- **WHAT YOU ARE ASKED TO DO**:
Reproduce every entry precisely as written.

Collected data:
====================

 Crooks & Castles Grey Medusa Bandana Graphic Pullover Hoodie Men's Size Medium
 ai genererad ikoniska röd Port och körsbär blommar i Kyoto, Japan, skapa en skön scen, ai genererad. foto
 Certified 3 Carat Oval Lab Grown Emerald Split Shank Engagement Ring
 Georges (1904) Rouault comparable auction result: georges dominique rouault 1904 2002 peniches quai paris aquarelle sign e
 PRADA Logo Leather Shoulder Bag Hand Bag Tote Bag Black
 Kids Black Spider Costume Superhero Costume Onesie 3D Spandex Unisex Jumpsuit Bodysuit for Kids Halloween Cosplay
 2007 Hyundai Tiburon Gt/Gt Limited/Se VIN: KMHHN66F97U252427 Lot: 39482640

====================

- **ANSWER TO THE PROBLEM**:
 Crooks & Castles Grey Medusa Bandana Graphic Pullover Hoodie Men's Size Medium
 ai genererad ikoniska röd Port och körsbär blommar i Kyoto, Japan, skapa en skön scen, ai genererad. foto
 Certified 3 Carat Oval Lab Grown Emerald Split Shank Engagement Ring
 Georges (1904) Rouault comparable auction result: georges dominique rouault 1904 2002 peniches quai paris aquarelle sign e
 PRADA Logo Leather Shoulder Bag Hand Bag Tote Bag Black
 Kids Black Spider Costume Superhero Costume Onesie 3D Spandex Unisex Jumpsuit Bodysuit for Kids Halloween Cosplay
 2007 Hyundai Tiburon Gt/Gt Limited/Se VIN: KMHHN66F97U252427 Lot: 39482640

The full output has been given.